And we've had QE since the global financial crisis trying to ease the economy, trying to nurse the economy, trying to nurse borrowers who are underwater, trying to nurse assets so that they can recover in value without causing destruction in the economy. Yeah, we're critical of them in the conclusion. And here's something else to throw into the mix, if we think of the UK in particular, over the past 15 years, we've had really low productivity growth and I don't think that's-
Will Page:
It's striking.
John Turner:
Yeah, yeah. It's really, yeah, yeah.
Richard Kramer:
Donuts.
John Turner:
Yeah, donuts.
Richard Kramer:
Bagels.
John Turner:
So what's the role here of quantitative easing? What's the role here of... We basically have got these zombie firms that are around. We've got no creative destruction taking place because of this policy of quantitative easing. So I think it has been disastrous. I think we'll look back in 20, 30 years time and say, what were we doing with this policy?
Richard Kramer:
Well, I think just to before I know, Will, you want to ask a sort of big macro question following on from that? But the work of Thomas Piketty will tell you that over the long run, that just exacerbates the inequality that's in society and creates massive structural problems. And we see this now with the cost of living crisis.
John Turner:
So one of the things quantitative easing does is it pushes up asset prices. And who holds assets? It's typically wealthy individuals.
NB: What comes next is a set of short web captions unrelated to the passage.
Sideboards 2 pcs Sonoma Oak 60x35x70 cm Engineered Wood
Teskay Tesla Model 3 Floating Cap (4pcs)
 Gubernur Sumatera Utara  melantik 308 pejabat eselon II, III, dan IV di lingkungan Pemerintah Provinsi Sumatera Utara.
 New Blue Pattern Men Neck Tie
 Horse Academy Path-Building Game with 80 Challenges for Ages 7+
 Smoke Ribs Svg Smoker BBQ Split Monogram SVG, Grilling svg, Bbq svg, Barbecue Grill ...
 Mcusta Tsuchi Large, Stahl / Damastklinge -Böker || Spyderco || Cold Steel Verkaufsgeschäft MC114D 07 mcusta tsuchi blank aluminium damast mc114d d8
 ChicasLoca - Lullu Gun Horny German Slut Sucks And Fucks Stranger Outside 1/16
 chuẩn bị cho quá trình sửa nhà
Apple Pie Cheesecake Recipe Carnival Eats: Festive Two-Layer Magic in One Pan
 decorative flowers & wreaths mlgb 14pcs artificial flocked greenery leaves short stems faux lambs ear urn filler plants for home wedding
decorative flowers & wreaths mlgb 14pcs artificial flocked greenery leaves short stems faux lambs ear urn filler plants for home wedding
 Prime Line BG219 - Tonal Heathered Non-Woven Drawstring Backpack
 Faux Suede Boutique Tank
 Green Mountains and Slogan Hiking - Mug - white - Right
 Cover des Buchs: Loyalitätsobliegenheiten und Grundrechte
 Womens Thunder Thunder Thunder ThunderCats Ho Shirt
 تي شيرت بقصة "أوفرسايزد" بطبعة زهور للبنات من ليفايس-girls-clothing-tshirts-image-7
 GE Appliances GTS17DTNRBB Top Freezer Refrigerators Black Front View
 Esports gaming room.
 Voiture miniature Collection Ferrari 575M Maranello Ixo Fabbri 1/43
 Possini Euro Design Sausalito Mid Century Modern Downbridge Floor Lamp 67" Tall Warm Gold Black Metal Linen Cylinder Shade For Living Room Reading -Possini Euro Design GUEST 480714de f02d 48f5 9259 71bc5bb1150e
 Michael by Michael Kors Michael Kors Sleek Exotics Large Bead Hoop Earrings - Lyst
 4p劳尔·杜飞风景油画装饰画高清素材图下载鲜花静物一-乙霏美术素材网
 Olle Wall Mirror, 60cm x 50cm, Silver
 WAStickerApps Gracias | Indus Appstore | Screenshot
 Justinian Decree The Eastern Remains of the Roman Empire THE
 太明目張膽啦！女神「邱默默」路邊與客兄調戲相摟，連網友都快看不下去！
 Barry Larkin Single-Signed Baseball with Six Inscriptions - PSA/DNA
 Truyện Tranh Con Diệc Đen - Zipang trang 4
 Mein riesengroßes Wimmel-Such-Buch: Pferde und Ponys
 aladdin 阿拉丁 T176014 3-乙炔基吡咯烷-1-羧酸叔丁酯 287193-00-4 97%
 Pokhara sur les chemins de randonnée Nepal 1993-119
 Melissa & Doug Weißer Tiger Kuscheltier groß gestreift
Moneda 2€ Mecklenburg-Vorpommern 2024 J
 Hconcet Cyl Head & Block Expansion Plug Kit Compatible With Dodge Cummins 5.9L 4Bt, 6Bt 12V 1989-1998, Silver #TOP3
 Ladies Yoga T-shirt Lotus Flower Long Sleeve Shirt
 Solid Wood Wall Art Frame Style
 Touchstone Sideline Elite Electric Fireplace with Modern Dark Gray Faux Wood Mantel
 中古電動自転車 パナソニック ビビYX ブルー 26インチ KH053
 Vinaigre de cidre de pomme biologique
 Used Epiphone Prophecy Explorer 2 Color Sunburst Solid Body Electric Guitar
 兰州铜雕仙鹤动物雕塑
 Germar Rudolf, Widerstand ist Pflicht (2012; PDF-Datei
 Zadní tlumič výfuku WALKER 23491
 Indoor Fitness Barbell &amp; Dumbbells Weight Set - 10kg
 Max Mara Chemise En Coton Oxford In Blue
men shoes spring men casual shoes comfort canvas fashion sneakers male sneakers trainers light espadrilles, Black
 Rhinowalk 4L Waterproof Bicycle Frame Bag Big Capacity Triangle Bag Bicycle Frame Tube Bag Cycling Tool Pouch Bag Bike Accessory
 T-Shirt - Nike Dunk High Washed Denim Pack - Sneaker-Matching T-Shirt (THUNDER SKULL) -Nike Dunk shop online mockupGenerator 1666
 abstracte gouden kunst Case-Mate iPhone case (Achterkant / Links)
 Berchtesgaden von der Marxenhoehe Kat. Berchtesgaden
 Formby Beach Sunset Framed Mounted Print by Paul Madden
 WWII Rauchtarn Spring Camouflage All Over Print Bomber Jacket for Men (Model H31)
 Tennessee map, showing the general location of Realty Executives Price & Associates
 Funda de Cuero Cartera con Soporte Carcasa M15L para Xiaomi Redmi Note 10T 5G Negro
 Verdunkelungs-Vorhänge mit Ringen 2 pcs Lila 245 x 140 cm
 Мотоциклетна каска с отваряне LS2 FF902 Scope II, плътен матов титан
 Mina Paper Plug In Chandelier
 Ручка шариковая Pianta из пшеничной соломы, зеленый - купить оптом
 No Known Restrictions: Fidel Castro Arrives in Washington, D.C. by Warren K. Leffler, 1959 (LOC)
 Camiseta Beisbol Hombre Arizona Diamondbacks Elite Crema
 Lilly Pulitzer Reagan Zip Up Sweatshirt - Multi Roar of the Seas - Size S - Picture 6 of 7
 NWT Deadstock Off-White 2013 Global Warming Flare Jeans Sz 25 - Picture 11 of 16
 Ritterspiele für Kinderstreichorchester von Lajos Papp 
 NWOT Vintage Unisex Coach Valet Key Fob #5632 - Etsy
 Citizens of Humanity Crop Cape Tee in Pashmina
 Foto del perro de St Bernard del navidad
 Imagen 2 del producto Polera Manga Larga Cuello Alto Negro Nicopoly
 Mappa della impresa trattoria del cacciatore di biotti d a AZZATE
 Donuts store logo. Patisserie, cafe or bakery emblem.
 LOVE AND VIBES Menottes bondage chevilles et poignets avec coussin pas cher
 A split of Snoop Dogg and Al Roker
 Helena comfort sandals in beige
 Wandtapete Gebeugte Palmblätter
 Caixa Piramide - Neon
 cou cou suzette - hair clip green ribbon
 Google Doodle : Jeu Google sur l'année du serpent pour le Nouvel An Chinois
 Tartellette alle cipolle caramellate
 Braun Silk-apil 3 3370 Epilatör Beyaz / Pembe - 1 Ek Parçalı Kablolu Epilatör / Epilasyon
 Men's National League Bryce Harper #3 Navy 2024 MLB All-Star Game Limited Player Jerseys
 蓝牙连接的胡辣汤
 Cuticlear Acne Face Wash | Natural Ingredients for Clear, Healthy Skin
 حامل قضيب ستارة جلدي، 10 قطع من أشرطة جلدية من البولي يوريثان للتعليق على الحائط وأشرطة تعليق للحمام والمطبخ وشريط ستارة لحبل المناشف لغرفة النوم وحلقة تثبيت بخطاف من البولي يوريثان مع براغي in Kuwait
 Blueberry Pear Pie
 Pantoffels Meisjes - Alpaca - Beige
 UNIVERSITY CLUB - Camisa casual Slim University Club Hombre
And of course, as soon as anyone tries to withdraw quantitative easing, we have the temper tantrums on the stock markets, financial markets.
Richard Kramer:
[inaudible 00:32:58] first, yeah.
John Turner:
And so the wealthy have benefited from this for sure.
Will Page:
Temper tantrums. You make it sound like these are boys with toys, which might actually be a pretty good description. Right. Here's my wacky idea. Forgive me why I take a stupid pill, stir it and a glass wine and brew and swig it back. I had this idea at four o'clock in the morning, if you're going to have quantitative easing in the financial economy or you need to have a balancing effect on the real economy, would you vote for William Douglas Page as prime minister? If I campaigned for an increase of quantitative easing of X percent should also be accompanied by an increase in the minimum wage by Y percent to tug that money through into the real economy so people feel a better, have I taken a stupid pill or is there some substance to that?
John Turner:
Well, we'd have to go to the opinion polls to see whether you could be elected.
Will Page:
Well, show me the polls are favorable, okay?
John Turner:
I get why you would think of a policy like that because of the wealth inequality that has occurred and that this policy of quantitative easing has exacerbated, but I'm not sure that's radical enough in the sense of the minimum wage affects.
Will Page:
Transfer my vote to you.
John Turner:
Yeah. Yeah. So the minimum wage affects a small number of people in reality. So you'd need something a lot more aggressive to change people's lives. So something like a guaranteed income type of scheme would be something that might be a bit more palatable to the voters as well, I think.
Will Page:
Okay.
Richard Kramer:
Before we get to smoke signals, I got to ask, you've written a book called Boom And Bust. What were you guys thinking during the last 18, 24 months of Web3 and NFTs and how do you look at crypto? Is that your next book, maybe? I don't want to out front run it here, but is this a fight the power exercise to undermine the hegemony of central banks? Or is it a very clever tool for criminals to transact without leaving a trace with valuations, lacking any reference to underlying assets or revenue streams? Which side of that crypto red pill, blue pill side do you go down on and is this going to be the topic of Boom And Bust, the sequel?
William Quinn:
I have actually thought about it, writing a book about the crypto bubble specifically. I don't know if I ever will. You actually made a very sharp description there, a tool for criminals to transact with. This is the core of crypto. It's very useful. Some people think it's not useful, but it is very useful for breaking the law. It's not very useful for anything else. I remember when I first discovered Bitcoin, everyone understood this Bitcoin was the money you used to buy drugs on the internet, nothing else. And over time people got excited about it and turned it into a more widespread currency that's going to take over the world or an investment asset that everyone should hold in their portfolio or the next get rich quick scheme. And we got a bubble. And I feel like after that bubble, the hype cycle just started moving around.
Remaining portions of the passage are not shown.